Keywords: INTERNAL MEDICINE, PREVENTIVE MEDICINE
Article summary.
Strengths and limitations of this study
This case–control study explores an easily identifiable and frequent clinical sign among smokers and appreciates the additional risk for health due to tar deposition (influenced by puffing or cigarette characteristics) not included in the usual measure of tobacco exposure (pack-year).
Diagnoses were obtained from medical records or from patients self-reporting, subject to recall bias.
Problematic alcohol consumption was not measured with established instruments (eg, Alcohol Use Disorders Identification Test (AUDIT)).
The sample size was small.
This study included only the hospital population.
Introduction
The yellow finger stain is an emblem of deeper degradation and enslavement than the ball and chain.
Henry Ford, The Case Against the Little White Slaver (Detroit: 1914).

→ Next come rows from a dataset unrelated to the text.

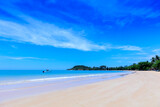 Fototapeta  - Sichon Beach Nakorm Sri Thammaraj Thailand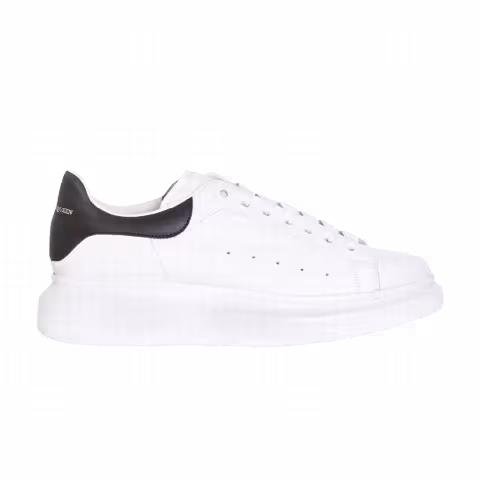 Alexander McQueen Oversized Sneaker 'White Black'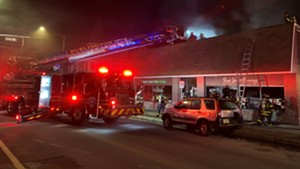 Fire Causes $1 Million in Damage at Burlington's Pearl Street Beverage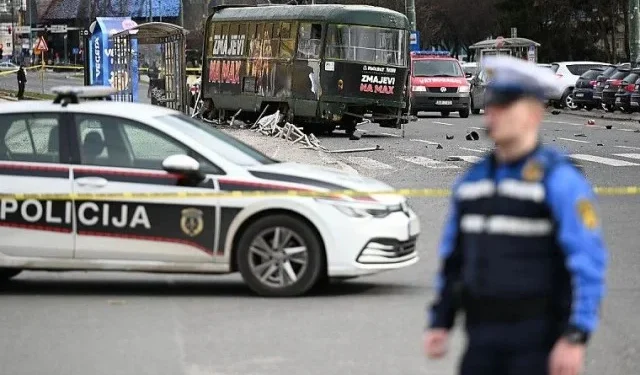 NEMA SNIMKA IZ TRAMVAJA KOJI JE ISKOČIO IZ ŠINA U SARAJEVU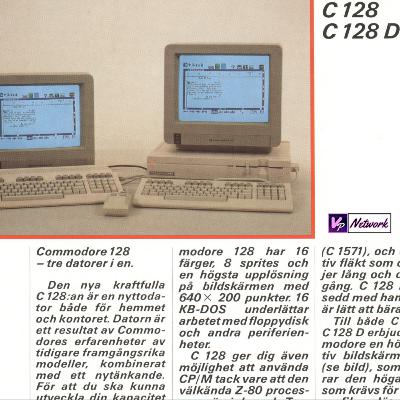 La trinità del C128 La trinità del C128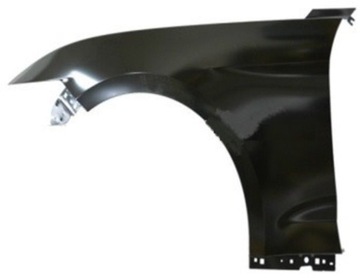 Front left wing metal ford mustang 2015 - 2016, фото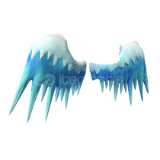 ⭐️Roblox❤️Snow Covered Ice Wings❤️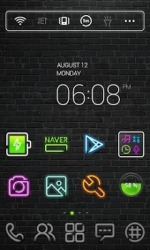 Neon Sign Dodol Launcher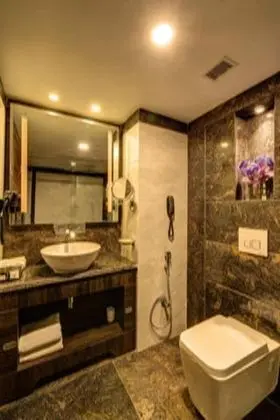Deluxe Tek Büyük veya İki Ayrı Yataklı Oda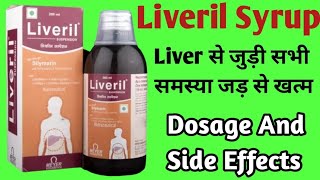 Liveril Syrup Uses  Best Liver Tonic  लवर से जुड़ी सभी समस्याएं ठीक करे  Dosage [upl. by Eimme]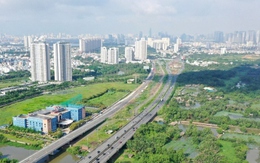 Thông xe đường song hành cao tốc TP.HCM – Long Thành – Dầu Giây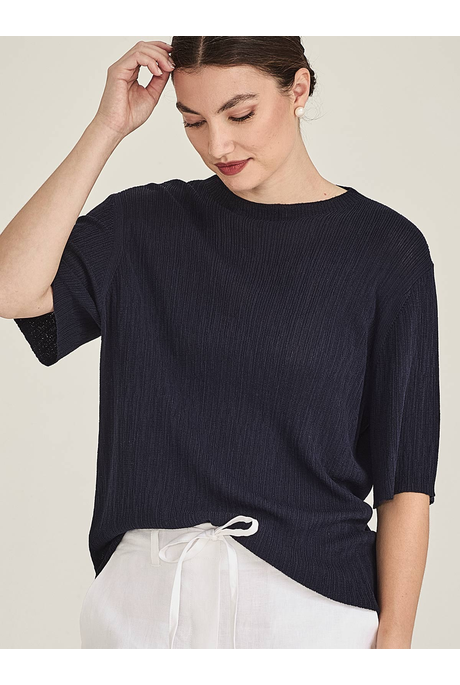 Caroline Sills CRINKLE Tee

Tobacco use is the leading cause of preventable death around the world. The 2011 WHO report on the global tobacco epidemic predicted that if current trends persist, more than eight million people worldwide will die from tobacco-related disease each year by 2030.1 Although cigarette smoking is by far the most common risk factor for chronic obstructive pulmonary disease (COPD), it is strongly associated with cardiovascular disease, and is responsible for 30% of all cancer deaths; additional factors are involved in determining each individual's susceptibility to tobacco-related disease.2 3 Identifying smokers at a higher risk of developing disease could improve their management and screening programmes.4
Smoking has been linked to many skin conditions for more than 150 years and evidence exists that skin involvement might be a conspicuous marker of other tobacco-related disease.5 For example, smoking-related wrinkles have been associated with a decrease in lung function independent of tobacco exposure.6 The ‘yellow rounded digit’ and ‘Harlequin nail’ signs are two other simple clinical signs which aid the diagnosis of health conditions.7 8 The former, characterised by fingers that are tobacco-stained as well as clubbed, raises the suspicion of lung carcinoma. The latter is seen after an acute illness that causes cessation of cigarette consumption resulting in a bicolour nail (the distal end is cigarette stained, contrasting the newly growing proximal part). We hypothesised that tar deposition itself (figure 1) could be a marker of tobacco-related disease independent of cumulative tobacco exposure. A deeper puff could result in higher tar deposition on the skin and greater inhalation of tobacco, putting the lung and distant organs at increased health hazard.
Figure 1.

Tar staining seen in a 70-year-old male smoker (80 pack-years).
Tobacco stains on fingers are commonly seen among smokers, but there is scarce description of this phenomenon. Apart from cigarette characteristics, behavioural and environmental factors may be important in stain development. Epidemiological studies worldwide show a higher rate of smoking among people suffering from mental or substance use disorders.9 10 Yellow-stained fingers, often observed in psychiatric units and among young drug users (autopsy series), support a possible association between those conditions and tar deposition.11 12
We conducted the present study to determine whether tar deposit is an independent marker of tobacco-related disease and to identify factors associated with stain development, such as alcohol consumption, psychiatric conditions, unemployment and smoking habits.
Methods
Study design and population
We performed a case–control study between March 2006 and January 2010 in a 180-bed community hospital in La Chaux-de-Fonds, Switzerland. Eligible patients were adult current smokers admitted to the departments of internal medicine or surgery, or the intensive care unit, irrespective of the diagnosis or cause of admission. We excluded patients unable to provide informed consent, those post-thoracic surgery or suffering from an ear–nose–throat (ENT) condition which could prevent lung function testing, patients receiving palliative care and pregnant women. Cases were defined by the presence of tobacco stains on their fingers and were reported to the study group by the medical team or identified by the group through frequent screening. They were included consecutively to avoid selection bias. Controls were selected randomly from the same population to fulfil the matching criteria. All participants provided written informed consent.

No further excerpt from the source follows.